Phone Tag Pundits Mislead Viewers

I got back to New York on Friday evening after a long week getting things set up for the MBA's upcoming coverage of the Scooter Libby Trial and could only bear to watch a few minutes of the TV news coverage of the voir dire. I had not seen any of it while in DC.

Chris Matthews aired a report from David Shuster. David sat next to me in the Media Room on Thursday so had the same vantage point for the proceedings during the voir dire. His report emphasized how many of the jurors had strongly negative feelings about Cheney, the Bush Administration and the war in Iraq. Matthews then spoke with Jonathon Alter of Newsweek and Chris Cillizza of the Washington Post (both on as part of NBC's deal with the Washington Post company). The three of them expanded on the "jurors don't like Cheney" meme from Shuster's piece and then ran with it.

Like a game of telephone tag, by the time Matthews, Alter and Cillizza (anti-Bush, anti-Cheney, anti-Iraq War pundits all) got done chattering about Shuster's report, they were putting forth what they made out to be definitive statemements as to what had happened in the courtroom over the course of this first week of jury selection and what conclusions could be drawn.

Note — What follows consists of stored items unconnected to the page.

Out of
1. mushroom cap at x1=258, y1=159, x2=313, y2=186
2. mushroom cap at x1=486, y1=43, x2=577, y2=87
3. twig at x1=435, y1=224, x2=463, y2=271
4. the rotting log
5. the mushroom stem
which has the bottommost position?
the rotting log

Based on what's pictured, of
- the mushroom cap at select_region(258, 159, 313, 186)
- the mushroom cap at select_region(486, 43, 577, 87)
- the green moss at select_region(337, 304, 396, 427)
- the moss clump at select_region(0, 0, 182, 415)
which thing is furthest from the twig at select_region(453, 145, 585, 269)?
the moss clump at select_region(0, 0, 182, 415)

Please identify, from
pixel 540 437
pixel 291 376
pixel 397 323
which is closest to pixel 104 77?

Of course, none of the three were present and so had no first hand knowledge. Matthews said he was basing his comments on David Shuster's report. Yet, Shuster himself was busy a good deal of the time running in and out of the Media Center throughout the day, presumably to do live reports for MSNBC. MSNBC had a producer in the Media Center as well as Shuster. He was generally there (not always) and when Shuster would return he would check the producer's notes. So, while David was keeping up on what was happening, his experience was not always first hand either.

With the luxury of doing my reports on a laptop, seated in the Media Room, I was able to watch a lot more of the proceedings than David. And like I said his report was not inaccurate but a bit misleading. Specifically,

- There were plenty of jurors who were excused for reasons having nothing to do with anyone in the Bush administation (financial hardship, ESL issues, previous legal issues, previous bad experiences with the police or justice system, etc.).

- There were some people who were excused largely because they were Bush supporters.

- A number of the anti-Bush/Cheney/Iraq War people went to great lengths to attempt to get themselves on the jury; the way their voir dire was dragged out meant far more time was spent on prospective jurors who were anti-Bush. For example, on Thursday morning just one, anti-Bush woman was questioned for over an hour until she finally admitted that her feelings about the Bush Administration might influence her decision on a verdict and that could not be sure she could be impartial. She was excused.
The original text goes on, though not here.